Even crossing the Sahara, the ruler did not tolerate the slightest inconvenience: he received fresh vegetables and fish, and when his capricious wife suddenly wanted to swim in the pond in the middle of the desert, more than 8 thousand of Mansa’s servants dug a pool for her. This episode is mentioned in Arabic chronicles, as well as in oral traditions. One of the chroniclers reports that 500 girls from the queen’s suite rushed to bathe along with her.
In every city in which the ruler of Mali and his entourage arrived that Friday, Mansa ordered them to build a mosque. Incredible, isn’t it?
The most important stopping point for the travelers after crossing the Sahara was Cairo. From there, rumors about the wealth of Mansa Musa flew to all points of the earth. According to the chroniclers, even a decade after his hajj, the memory of the generosity of the ruler of Mali was still quite fresh. There wasn’t a single official or courtier to whom he would not have given gold, not to mention the royal gifts for the Sultan.
Everyone noted the extraordinary modesty and dignity of Mansa. He did not know Arabic at that time and always came to the Cairo palace with an interpreter. He told the Egyptians that his empire is so huge that it is impossible to cross it even in a year, and so rich that they can’t even imagine.
The Cairo merchants shamelessly took advantage of the benevolence and ignorance of Mansa Musa by setting exorbitant prices for any goods they bought. In the end, the ruler realized that he was being subjected to robbery. This worsened the relations between the people of Mali and Cairo. However, gold, lavished by his generous hand, eventually aggravated the economy of Cairo, shaking the established system of prices.
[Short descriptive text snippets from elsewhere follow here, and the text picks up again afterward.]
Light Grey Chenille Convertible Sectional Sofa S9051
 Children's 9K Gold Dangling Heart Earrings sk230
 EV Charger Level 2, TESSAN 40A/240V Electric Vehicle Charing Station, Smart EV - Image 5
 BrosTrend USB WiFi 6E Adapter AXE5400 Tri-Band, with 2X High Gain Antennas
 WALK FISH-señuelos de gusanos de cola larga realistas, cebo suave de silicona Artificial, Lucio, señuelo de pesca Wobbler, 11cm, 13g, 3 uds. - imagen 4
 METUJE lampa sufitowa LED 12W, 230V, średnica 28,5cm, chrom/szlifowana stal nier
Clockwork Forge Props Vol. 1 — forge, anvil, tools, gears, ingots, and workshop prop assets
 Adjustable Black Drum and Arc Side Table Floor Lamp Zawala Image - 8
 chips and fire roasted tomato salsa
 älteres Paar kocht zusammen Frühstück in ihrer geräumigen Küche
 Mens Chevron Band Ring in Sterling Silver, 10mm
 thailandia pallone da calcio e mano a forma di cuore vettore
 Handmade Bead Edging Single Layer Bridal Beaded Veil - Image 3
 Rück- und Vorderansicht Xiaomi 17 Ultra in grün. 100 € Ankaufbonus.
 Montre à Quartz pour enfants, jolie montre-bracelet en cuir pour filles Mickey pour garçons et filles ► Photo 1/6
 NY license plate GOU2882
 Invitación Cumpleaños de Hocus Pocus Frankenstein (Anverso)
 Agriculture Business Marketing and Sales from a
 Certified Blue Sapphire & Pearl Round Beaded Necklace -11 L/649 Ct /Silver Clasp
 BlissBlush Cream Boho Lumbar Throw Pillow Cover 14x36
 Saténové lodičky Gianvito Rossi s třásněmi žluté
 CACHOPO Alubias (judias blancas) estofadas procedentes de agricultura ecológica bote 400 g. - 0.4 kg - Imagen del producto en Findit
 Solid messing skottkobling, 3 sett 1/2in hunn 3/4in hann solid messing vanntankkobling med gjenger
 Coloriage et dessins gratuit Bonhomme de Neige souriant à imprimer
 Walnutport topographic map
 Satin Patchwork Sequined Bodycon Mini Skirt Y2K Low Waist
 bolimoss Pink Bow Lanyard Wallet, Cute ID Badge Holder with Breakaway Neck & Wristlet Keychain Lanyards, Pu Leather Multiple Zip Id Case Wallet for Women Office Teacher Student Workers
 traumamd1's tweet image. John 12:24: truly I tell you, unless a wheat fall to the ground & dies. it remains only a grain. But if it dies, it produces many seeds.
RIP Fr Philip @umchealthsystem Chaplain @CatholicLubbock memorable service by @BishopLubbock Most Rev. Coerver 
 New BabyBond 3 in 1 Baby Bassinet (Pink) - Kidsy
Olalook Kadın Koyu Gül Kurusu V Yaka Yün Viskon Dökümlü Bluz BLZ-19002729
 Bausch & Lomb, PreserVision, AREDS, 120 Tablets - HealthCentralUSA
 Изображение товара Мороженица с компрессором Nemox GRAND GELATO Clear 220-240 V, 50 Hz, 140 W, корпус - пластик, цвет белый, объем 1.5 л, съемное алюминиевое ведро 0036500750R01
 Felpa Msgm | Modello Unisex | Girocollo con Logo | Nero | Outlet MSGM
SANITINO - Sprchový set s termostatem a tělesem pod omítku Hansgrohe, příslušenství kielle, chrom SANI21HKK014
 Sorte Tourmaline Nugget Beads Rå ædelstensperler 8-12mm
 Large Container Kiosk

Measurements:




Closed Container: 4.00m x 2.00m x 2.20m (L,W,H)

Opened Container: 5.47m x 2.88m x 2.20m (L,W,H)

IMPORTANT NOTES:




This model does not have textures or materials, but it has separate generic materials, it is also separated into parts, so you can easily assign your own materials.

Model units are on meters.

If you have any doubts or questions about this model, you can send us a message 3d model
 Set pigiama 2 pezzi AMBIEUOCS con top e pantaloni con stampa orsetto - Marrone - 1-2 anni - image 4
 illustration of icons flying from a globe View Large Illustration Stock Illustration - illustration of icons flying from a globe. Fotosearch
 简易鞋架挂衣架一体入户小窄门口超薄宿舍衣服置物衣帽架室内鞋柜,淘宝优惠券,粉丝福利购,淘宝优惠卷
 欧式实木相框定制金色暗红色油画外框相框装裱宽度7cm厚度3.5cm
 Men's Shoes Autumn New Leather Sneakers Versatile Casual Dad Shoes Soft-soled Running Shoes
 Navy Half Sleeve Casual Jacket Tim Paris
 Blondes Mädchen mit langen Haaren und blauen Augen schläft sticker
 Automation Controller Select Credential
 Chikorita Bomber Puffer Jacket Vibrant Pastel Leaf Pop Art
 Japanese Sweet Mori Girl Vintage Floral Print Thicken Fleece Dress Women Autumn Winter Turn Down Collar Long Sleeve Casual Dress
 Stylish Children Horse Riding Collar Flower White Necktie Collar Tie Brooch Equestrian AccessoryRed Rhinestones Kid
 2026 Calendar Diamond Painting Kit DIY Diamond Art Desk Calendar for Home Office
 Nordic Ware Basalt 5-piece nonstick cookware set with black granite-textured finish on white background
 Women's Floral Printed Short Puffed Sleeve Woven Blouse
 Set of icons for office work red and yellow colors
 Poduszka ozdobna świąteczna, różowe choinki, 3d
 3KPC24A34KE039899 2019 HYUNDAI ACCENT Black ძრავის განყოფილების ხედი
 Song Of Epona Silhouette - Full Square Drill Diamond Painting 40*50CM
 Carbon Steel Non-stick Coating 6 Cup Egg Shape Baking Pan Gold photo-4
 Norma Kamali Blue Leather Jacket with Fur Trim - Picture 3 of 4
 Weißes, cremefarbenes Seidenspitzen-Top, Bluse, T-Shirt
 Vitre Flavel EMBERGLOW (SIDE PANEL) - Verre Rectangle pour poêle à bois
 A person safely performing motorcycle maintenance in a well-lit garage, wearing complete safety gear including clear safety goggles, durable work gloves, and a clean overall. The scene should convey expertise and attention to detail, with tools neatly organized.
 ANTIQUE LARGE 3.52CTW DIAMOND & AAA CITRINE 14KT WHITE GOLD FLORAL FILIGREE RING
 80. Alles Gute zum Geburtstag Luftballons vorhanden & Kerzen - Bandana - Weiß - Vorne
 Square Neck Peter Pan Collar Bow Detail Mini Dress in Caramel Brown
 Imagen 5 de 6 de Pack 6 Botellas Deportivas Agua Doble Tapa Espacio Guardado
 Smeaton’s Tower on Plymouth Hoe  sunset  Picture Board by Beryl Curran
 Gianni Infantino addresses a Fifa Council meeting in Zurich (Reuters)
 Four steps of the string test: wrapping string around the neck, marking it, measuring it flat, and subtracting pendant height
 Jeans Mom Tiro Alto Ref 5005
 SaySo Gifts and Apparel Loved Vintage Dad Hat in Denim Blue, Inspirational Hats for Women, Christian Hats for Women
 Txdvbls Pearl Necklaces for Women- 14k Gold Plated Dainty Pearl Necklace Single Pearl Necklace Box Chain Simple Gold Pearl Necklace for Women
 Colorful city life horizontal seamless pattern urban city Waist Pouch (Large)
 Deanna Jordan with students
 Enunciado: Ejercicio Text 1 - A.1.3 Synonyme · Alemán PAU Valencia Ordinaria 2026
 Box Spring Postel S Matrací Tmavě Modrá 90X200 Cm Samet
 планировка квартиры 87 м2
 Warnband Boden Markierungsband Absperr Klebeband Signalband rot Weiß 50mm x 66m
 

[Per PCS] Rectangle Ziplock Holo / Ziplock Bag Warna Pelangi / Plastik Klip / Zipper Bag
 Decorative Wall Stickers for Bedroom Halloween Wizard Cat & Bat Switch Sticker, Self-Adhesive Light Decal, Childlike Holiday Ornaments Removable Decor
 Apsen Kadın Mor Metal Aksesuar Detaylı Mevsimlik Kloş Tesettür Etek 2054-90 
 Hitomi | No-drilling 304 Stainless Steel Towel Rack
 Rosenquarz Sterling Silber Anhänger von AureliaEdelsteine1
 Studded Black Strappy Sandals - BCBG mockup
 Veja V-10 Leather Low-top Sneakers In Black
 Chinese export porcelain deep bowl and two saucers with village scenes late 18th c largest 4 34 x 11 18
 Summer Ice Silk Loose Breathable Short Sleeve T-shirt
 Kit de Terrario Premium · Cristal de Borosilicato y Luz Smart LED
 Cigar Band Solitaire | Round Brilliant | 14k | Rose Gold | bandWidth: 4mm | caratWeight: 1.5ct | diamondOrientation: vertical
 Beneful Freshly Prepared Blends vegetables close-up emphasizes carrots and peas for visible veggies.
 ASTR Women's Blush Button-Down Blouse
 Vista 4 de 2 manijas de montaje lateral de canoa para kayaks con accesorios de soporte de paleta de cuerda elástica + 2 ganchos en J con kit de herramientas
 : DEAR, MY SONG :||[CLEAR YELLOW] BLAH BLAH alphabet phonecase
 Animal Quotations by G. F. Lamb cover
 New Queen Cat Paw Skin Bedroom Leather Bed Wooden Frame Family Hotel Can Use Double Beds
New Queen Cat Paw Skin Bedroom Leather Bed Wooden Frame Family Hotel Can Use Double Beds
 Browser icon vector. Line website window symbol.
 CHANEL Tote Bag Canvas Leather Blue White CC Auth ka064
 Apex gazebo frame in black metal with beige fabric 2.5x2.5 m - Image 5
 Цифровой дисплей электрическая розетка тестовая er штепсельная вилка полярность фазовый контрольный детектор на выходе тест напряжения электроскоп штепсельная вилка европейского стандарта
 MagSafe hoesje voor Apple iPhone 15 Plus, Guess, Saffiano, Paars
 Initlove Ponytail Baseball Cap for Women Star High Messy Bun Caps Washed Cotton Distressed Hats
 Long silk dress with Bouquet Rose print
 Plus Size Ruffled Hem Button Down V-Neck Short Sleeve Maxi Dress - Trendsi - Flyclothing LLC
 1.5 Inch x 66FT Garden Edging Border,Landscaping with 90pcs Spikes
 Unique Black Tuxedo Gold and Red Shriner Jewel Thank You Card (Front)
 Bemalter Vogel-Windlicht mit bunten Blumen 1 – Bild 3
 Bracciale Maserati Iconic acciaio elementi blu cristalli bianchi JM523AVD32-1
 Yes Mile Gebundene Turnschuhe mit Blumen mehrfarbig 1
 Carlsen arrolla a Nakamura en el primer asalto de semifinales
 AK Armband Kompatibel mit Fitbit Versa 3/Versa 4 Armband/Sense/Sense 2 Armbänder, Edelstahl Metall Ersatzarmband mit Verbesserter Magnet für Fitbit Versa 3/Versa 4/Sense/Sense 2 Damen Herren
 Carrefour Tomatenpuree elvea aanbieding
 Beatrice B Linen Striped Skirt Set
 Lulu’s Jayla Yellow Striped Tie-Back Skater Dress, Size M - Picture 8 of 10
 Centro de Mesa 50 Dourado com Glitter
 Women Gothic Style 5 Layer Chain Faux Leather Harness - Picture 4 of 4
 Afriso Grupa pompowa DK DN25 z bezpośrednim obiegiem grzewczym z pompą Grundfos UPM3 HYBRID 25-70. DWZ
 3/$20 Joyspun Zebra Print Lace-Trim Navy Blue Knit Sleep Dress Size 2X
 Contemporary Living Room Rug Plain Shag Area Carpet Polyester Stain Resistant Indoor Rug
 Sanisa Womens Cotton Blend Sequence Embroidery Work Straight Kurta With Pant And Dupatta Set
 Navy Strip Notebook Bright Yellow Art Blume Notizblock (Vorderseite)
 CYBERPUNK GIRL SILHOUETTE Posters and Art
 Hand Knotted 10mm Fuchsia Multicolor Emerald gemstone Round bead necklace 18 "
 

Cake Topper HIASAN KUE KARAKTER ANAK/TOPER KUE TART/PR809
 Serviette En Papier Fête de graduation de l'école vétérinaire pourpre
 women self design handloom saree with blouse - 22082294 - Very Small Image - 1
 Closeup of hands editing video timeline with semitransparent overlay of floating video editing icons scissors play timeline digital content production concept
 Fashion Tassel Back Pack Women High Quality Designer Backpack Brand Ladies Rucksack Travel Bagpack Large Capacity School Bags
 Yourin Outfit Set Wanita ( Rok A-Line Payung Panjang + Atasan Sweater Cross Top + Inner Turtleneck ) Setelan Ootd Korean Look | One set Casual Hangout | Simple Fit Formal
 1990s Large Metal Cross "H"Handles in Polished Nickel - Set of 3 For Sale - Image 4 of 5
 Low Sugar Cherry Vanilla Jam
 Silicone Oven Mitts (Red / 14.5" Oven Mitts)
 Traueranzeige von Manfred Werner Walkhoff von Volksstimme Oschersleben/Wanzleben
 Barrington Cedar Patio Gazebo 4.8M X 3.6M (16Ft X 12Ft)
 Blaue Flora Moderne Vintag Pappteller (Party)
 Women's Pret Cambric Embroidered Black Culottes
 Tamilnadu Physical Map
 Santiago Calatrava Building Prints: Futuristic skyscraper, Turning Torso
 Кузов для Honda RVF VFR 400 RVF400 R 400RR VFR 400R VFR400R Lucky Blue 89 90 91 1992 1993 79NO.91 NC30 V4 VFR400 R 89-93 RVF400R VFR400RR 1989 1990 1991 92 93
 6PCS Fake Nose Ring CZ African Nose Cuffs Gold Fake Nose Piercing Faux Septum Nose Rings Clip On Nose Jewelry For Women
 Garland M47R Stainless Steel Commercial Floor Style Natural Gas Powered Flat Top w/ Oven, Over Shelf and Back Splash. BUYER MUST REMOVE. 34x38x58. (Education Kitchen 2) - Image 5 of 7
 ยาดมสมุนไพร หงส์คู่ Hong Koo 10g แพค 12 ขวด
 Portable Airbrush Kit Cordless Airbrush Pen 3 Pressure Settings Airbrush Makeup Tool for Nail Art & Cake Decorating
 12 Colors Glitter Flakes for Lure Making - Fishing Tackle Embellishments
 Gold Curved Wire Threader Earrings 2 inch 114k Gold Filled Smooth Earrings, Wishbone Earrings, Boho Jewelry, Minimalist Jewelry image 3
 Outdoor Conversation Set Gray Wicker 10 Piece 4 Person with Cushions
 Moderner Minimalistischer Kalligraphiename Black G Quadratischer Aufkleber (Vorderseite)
Although the entirety of Musa’s money wasn’t left in Cairo, he had almost no means left and had to borrow from one of the local merchants. However, this circumstance did not prevent the ruler of Mali upon arrival in Mecca from buying houses and lands for the black pilgrims. Their return to the native country in 1325 was accompanied by Islamic teachers and scholars of the Sharia. In Islam, Mansa Musa saw an important opportunity to raise the culture of his country.
Rumors about the wealth of this Mali Empire and its ruler reached medieval Europe decades after his death. On the Catalan Atlas – a world map of 1375, created by a cartographer from Majorca named Abraham Cresques, commissioned by Aragonese King Juan I, Mansa Musa is portrayed as a bearded man sitting on a throne of an European type and in a golden crown. In his hands are golden attributes of power.
Musa’s heir was his son Maghan, who, however, did not sit on the throne for long – only four years. Then the power passed to Musa’s brother Suleiman, whose death in 1360 was the beginning of the gradual decline of the Mali Empire.